Feeling himself this conflict between two opposite principles, he exclaims-"O wretched man that I am! who shall deliver me from the body of this death?"-from this clog of a corrupt nature?-but, knowing also that the salvation which he was recommending to others was sufficient for himself, he adds immediately-" I thank God, through Jesus Christ our Lord: so then with the mind I myself serve the law of God, but with the flesh the law of sin." And then follow the words of our text-"There is therefore now no condemnation to them which are in Christ Jesus, who walk not after the flesh, but after the Spirit."

Let us, Christian brethren, contemplate the security from condemnation of the persons spoken of in the text, "who are in Christ Jesus." The view of their security, defined as their character is in the words which follow, will not, I trust, render negligent of their duties any that are really Christ's, but rather stir them up to make it manifest to themselves as well as to others that they do indeed belong to Christ. And it may lead some who have been over confident of their


own security, to examine afresh the foundation of their hope, and to seek, while yet it may be found, an interest in the only Saviour. I. The text leads us to consider, first, who they are that are "in Christ Jesus."

The meaning of this expression might be shown from other parts of scripture, but it is especially manifest from the preceding chapters of this epistle. From these we learn that it denotes those who have renounced every other ground of justification or righteousness before God, to depend on that which God himself has appointed, viz., that which he reckons to those who believe in the Lord Jesus Christ as the propitiation for their sins "the righteousness of God, which is by faith of Jesus Christ."

It is commonly long before men are brought to a simple dependance on Jesus Christ as the propitiation for their sins. If you were to go round and ask a number of persons in this Christian country, "For what purpose did Jesus Christ come into the world?" many would reply, " to save sinners." But, if you proceeded to inquire of them whether they expected to be saved, and if so, why they expected it, their reply would probably for the most part be, that they had done no great harm to any one, and therefore saw no reason to fear falling short of heaven. Now this notion that they may expect to go to heaven because they have done nobody any harm, or if they have, that they have done more good than harm-is decidedly at variance with that dependance upon the Lord Jesus which is necessary to salvation; and yet it is the notion, or something like it, of very many who are called Christians.
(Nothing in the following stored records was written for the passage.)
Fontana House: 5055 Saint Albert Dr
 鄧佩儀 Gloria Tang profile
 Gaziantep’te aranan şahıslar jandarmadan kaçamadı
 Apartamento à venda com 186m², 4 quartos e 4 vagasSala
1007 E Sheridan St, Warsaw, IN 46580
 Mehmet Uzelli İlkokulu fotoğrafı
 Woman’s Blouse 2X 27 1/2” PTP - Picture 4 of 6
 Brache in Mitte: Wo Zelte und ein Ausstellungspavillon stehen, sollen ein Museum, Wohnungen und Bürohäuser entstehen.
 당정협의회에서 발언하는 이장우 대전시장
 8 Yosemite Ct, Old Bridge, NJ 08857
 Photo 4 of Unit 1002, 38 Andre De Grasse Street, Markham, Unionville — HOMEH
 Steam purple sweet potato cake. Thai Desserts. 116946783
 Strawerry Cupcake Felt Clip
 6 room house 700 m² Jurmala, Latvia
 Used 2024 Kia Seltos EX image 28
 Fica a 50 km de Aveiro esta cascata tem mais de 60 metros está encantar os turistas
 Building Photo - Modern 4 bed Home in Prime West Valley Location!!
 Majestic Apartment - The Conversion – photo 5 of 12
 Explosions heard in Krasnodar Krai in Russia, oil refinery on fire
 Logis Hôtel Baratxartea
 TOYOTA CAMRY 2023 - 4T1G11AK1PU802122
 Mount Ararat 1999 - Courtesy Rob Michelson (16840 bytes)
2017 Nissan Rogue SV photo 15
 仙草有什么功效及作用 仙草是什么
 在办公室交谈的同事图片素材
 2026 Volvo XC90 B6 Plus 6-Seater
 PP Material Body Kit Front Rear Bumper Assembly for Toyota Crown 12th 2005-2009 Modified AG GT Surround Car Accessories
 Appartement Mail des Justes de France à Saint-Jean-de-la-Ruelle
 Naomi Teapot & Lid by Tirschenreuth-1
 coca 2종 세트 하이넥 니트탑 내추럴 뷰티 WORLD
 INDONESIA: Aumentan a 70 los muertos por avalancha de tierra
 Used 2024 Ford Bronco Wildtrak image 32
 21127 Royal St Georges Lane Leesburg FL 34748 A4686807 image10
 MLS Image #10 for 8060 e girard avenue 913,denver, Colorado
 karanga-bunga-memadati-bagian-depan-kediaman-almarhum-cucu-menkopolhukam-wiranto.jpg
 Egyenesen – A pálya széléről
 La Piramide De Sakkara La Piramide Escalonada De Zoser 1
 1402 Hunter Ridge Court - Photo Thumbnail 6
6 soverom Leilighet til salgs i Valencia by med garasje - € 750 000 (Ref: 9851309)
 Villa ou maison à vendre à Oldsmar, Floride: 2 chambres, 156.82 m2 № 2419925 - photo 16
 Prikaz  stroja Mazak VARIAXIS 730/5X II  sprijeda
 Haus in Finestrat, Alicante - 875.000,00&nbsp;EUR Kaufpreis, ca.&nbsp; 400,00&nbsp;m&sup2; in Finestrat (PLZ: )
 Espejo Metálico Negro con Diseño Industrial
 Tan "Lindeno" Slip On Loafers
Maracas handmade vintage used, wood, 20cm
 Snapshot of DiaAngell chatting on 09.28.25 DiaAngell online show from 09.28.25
It is very important that you should not rest satisfied with the vague notions on this subject, I might call them the vulgar notions which prevail too generally amongst persons both of high and low station; for, howsoever little it may appear to you to matter what a man thinks, or on what he grounds his hope of acceptance with God, so long as he is in your view harmless and inoffensive, and especially if he be a useful member of society, it really makes all the difference possible, if the word of God declares that his present state is one of condemnation, so that if he were to die in it he would pass into eternal torment. Now whosoever is trusting for acceptance with God, either avowedly or secretly, to his exemption from gross sin, or to the excess of his good deeds above the evil, or even to the mercy of God irrespectively of the atonement which has been made for sin, is, according to the declarations of scripture, in a state of condemnation. He is guilty before God: he is exposed to the curse of his broken law; for

God will not accept as righteousness that which he has declared to be unrighteousness. Men may call evil good, and good evil, but there is a woe pronounced against those who do so: God looks with abhorrence on the very things-those dispositions and that conduct-which men of the world have agreed to commend, and to substitute for the only righteousness which he will accept. God sees, especially, aggravated pride and unbelief in a man's continuing to advance his own claim of merit in opposition to his word, which exposes the worthlessness and sinfulness of that in which he makes his boast. Many who think that they are rich, and increased with goods, and have need of nothing, know not that in the sight of God they are wretched, and miserable, and poor, and blind, and naked. O my brethren, beware, lest this be the case with any of you. You should not too soon conclude that it is not; for there is in all men, by nature, a strong disposition to justify themselves before God. This often keeps fast hold on the mind of a man who has lost all character in the world; and much more is it strong in those whose good opinion of themselves is sustained by the concurrent approbation of misjudging men, who set themselves to oppose the testimony of the word of God. Beware, I say, lest you seal your own condemnation by holding out against the sentence of guilt and coudemnation which God has pronounced against you, and so render void, as to yourself, the deliverance which he has mercifully provided for mankind.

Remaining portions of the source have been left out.